[Records contained in a dataset]
================================

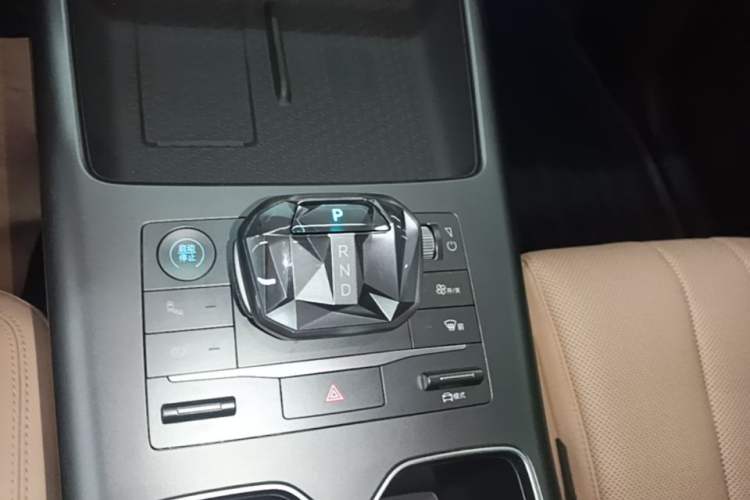 Used BYD Song Pro New Energy 2025 Second-Generation DM-i 115KM Excellence Version Gear Lever
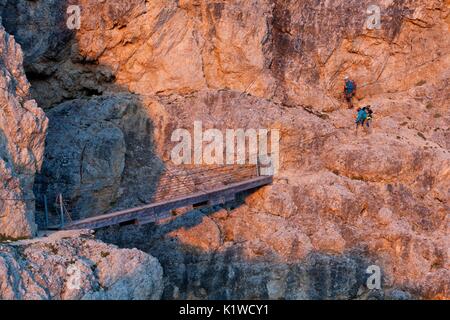 Europa, Italien, Venetien, Belluno. Zwei Wanderer in der Nähe der Hängebrücke mit Stahlseilen entlang der Kaiserjaeger Trail, Lagazuoi, Dolomiten Stockfoto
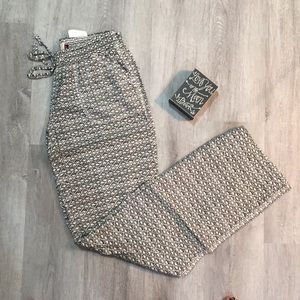NWT SO Cute Diamond Patterned Casual Dress Pants Small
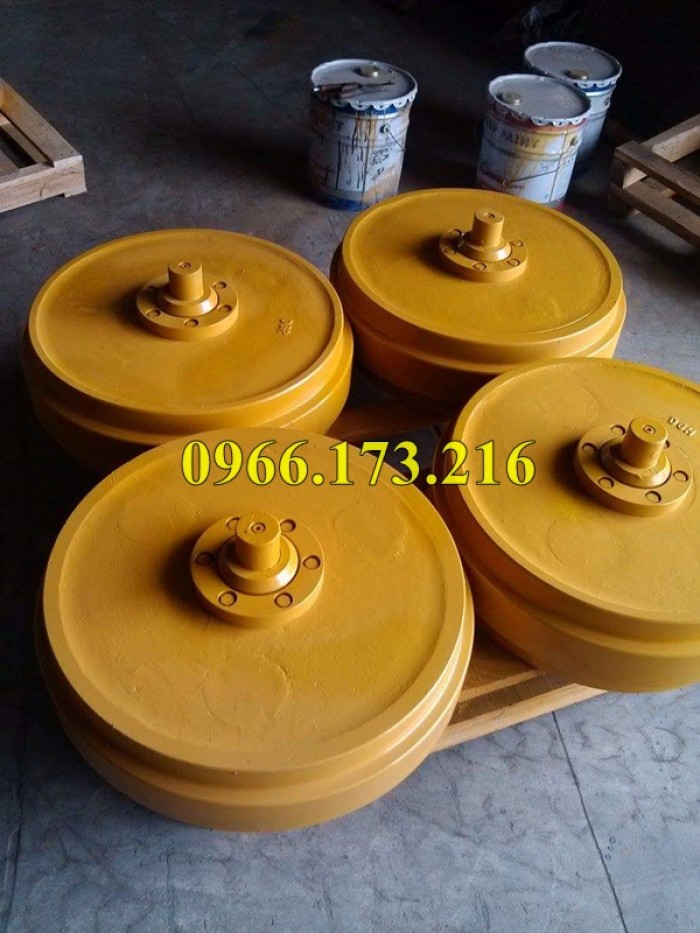 Bánh dẫn hướng máy xúc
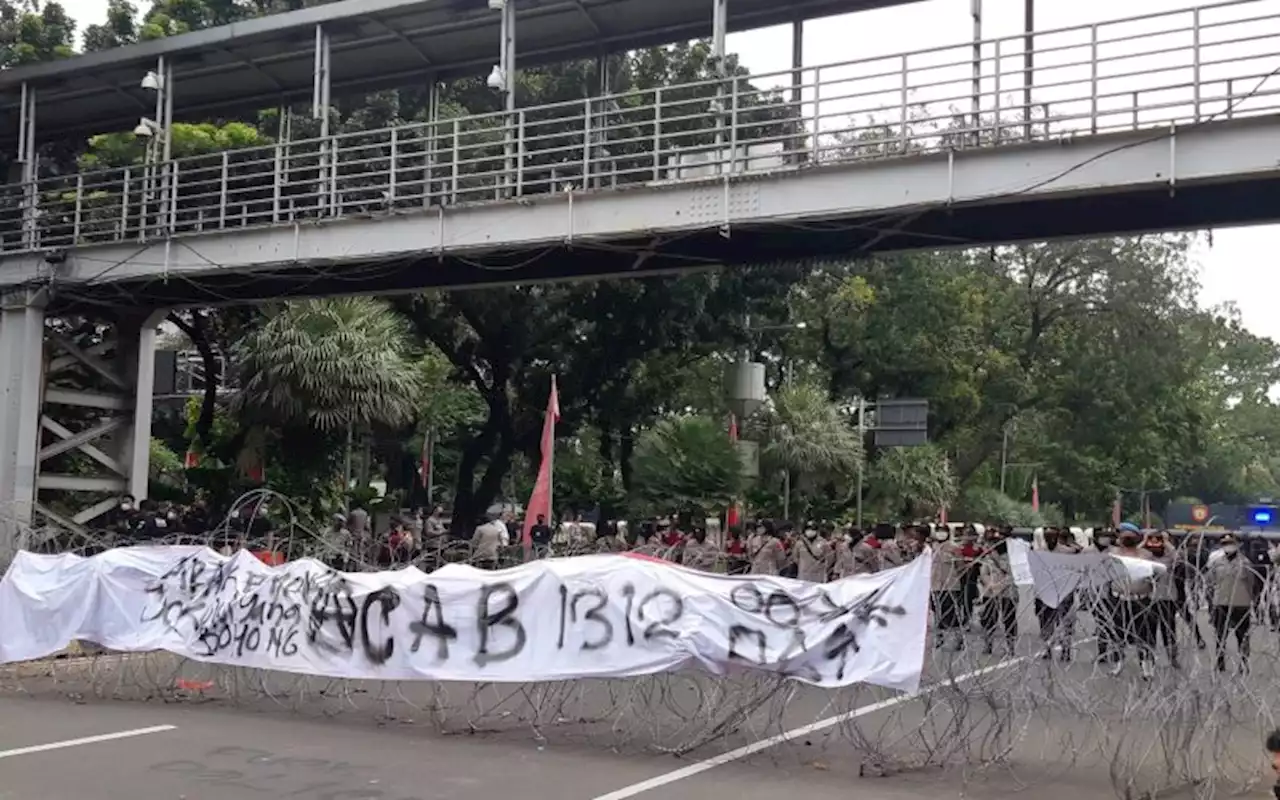 DEMO BEM SI 11 April 2022: Mahasiswa Universitas Bung Karno Bubarkan Diri | Kabar24 - Bisnis.com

================================

- **Required work**: Your response must restate every record above exactly, with each picture omitted.

- **Answer area**:
 Used BYD Song Pro New Energy 2025 Second-Generation DM-i 115KM Excellence Version Gear Lever
 Europa, Italien, Venetien, Belluno. Zwei Wanderer in der Nähe der Hängebrücke mit Stahlseilen entlang der Kaiserjaeger Trail, Lagazuoi, Dolomiten Stockfoto
NWT SO Cute Diamond Patterned Casual Dress Pants Small
 Bánh dẫn hướng máy xúc
 DEMO BEM SI 11 April 2022: Mahasiswa Universitas Bung Karno Bubarkan Diri | Kabar24 - Bisnis.com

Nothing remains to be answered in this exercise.